Effective fisheries management relies on robust stock assessments, yet conventional approaches typically require long-term datasets on catch, effort, and population structure. For many ecologically and commercially important species—particularly in tropical regions where ageing is difficult—such data are often sparse or unavailable. As a result, assessments must rely on limited information, such as intermittent length-frequency samples and basic life-history parameters, constraining the application of traditional models and delaying management advice.
Length-Based Indicators (LBIs) offer a practical alternative for data-limited fisheries by quantifying the proportion of small (immature) versus large (mature) individuals in catch length compositions. While widely applied, LBIs lack well-defined biological reference points comparable to those linked to Maximum Sustainable Yield (MSY), limiting their ability to inform risk-based management and harvest strategies.
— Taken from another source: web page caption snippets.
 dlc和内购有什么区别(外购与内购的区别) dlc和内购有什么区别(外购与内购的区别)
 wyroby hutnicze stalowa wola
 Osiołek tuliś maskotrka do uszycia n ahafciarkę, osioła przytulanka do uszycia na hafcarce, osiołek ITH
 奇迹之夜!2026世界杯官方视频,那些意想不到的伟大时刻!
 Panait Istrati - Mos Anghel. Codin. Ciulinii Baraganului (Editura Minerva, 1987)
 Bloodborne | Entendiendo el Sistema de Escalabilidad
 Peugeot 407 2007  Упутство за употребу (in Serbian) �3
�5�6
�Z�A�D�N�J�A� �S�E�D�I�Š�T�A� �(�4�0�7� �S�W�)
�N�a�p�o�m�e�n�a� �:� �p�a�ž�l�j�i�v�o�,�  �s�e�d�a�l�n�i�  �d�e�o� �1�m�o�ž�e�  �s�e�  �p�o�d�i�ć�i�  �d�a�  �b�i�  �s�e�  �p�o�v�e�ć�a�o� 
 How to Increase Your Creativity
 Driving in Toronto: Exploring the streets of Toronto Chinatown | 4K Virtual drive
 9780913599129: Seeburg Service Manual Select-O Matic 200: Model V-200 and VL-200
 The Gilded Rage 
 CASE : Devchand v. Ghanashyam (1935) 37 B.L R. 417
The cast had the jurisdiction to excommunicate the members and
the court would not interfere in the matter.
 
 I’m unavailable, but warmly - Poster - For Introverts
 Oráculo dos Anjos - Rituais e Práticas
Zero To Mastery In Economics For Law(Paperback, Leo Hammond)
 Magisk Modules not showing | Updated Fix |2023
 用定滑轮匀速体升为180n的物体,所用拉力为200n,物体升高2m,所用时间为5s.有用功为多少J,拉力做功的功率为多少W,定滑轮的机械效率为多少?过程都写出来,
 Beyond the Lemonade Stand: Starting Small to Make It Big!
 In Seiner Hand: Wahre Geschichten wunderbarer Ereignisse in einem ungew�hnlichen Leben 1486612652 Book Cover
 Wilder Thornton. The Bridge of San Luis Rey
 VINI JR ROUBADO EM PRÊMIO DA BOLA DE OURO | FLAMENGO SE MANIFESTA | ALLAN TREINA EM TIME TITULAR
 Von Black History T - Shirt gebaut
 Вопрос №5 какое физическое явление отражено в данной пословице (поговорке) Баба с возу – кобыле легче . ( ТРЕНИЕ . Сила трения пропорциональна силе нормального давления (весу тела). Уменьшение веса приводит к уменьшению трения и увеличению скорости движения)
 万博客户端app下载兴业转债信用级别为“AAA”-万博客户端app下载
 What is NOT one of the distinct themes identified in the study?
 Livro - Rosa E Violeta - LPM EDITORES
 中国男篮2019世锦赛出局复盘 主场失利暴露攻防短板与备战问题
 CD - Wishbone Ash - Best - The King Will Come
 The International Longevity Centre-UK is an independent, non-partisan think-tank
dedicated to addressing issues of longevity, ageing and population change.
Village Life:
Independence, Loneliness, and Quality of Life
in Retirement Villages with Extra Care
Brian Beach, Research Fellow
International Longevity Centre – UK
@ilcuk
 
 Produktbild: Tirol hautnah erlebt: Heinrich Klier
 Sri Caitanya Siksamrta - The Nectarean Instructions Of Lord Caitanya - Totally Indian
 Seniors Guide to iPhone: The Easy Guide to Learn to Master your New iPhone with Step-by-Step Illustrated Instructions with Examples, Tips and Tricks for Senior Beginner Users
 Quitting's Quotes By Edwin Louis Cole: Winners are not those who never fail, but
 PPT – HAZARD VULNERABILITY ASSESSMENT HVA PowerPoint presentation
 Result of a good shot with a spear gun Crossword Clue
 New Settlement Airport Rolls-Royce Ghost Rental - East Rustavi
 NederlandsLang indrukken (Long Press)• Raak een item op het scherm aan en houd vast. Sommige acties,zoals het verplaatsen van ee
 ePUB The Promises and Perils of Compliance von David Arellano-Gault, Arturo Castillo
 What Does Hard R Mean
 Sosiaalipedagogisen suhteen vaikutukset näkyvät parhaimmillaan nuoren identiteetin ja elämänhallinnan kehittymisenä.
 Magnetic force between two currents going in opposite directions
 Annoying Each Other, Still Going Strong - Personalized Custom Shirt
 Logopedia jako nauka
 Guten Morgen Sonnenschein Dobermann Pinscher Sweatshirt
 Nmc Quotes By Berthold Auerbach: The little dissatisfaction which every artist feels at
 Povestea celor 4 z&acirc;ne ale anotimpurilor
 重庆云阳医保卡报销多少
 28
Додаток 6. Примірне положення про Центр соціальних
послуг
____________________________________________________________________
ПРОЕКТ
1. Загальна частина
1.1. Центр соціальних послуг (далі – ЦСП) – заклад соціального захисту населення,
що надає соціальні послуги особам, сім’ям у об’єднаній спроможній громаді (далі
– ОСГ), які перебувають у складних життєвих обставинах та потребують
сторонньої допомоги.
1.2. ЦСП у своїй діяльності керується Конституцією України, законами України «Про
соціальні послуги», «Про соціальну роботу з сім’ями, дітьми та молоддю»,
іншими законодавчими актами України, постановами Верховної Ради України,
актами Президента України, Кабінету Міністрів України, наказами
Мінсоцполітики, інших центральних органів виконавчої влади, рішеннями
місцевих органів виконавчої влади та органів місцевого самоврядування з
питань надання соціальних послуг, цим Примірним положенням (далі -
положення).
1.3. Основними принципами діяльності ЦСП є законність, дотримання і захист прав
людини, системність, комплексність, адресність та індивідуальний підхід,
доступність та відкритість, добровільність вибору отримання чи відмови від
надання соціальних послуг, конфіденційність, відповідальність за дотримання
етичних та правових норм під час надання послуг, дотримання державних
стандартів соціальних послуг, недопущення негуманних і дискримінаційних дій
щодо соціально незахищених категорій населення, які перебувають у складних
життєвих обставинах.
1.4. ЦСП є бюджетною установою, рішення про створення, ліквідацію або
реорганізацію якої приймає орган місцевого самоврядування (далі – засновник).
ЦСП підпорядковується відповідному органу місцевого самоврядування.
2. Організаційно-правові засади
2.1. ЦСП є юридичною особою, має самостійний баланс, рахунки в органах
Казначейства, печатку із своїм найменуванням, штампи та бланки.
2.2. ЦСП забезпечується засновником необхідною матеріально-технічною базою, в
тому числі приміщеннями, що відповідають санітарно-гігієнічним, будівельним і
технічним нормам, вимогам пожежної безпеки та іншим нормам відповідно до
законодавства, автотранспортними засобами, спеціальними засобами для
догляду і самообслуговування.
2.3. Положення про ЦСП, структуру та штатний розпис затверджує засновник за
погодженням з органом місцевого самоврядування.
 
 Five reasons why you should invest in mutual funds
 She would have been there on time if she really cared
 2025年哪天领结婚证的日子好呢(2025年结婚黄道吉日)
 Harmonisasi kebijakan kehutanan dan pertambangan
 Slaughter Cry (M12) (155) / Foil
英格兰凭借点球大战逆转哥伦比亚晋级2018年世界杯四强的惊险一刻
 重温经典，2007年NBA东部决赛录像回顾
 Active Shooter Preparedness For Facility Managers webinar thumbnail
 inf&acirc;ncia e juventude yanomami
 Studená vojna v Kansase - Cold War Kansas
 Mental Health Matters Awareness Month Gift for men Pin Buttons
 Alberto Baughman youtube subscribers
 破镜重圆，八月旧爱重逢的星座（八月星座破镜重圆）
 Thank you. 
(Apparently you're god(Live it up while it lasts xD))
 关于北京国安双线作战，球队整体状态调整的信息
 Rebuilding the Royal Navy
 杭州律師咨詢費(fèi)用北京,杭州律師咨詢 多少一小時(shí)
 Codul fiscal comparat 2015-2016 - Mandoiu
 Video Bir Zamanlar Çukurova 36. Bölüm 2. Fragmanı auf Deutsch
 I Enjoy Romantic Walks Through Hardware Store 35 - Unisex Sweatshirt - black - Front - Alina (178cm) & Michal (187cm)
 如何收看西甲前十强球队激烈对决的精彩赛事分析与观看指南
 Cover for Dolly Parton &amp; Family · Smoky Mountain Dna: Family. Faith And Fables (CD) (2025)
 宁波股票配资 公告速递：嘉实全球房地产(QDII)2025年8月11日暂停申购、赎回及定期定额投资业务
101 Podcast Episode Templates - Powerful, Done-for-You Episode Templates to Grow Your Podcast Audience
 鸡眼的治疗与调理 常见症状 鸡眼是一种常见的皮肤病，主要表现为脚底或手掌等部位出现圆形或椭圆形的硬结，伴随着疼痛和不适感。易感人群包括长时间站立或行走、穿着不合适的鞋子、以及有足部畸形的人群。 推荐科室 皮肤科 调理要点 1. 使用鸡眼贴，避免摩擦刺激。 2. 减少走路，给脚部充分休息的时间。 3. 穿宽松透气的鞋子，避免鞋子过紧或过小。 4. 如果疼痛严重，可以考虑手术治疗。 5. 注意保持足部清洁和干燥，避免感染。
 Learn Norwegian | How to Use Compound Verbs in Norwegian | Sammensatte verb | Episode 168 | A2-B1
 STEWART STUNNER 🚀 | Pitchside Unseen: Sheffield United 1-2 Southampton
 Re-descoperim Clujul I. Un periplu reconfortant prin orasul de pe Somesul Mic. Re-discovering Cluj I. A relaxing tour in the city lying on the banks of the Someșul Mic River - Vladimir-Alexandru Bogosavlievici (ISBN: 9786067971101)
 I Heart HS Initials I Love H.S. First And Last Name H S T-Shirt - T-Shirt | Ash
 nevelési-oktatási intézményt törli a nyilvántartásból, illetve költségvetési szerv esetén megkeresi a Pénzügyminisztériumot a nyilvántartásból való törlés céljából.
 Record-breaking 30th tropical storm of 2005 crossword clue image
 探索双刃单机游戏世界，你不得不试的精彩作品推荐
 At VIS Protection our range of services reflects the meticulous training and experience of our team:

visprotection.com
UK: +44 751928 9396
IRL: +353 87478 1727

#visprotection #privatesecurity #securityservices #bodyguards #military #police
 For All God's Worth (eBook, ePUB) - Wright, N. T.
To address this gap, we developed SMILE-RP (Simulation Model for Length-based Empirical Indicators and Reference Points), a deterministic population dynamics framework that derives stock-specific LBI reference points from life-history traits, maturity schedules, and gear selectivity. The model produces biologically grounded thresholds that can serve as proxies for MSY-based benchmarks.
This study present a structured workflow for generating and evaluating LBI reference points, alongside a suite of performance metrics to identify indicators that are robust to uncertainty in fishery dynamics. Results demonstrate that LBIs based on the proportion of large and mature individuals reliably track spawning stock biomass and provide a meaningful signal of stock status. These findings support the use of LBIs, coupled with model-derived reference points, as a scalable and defensible approach for managing data-limited fisheries.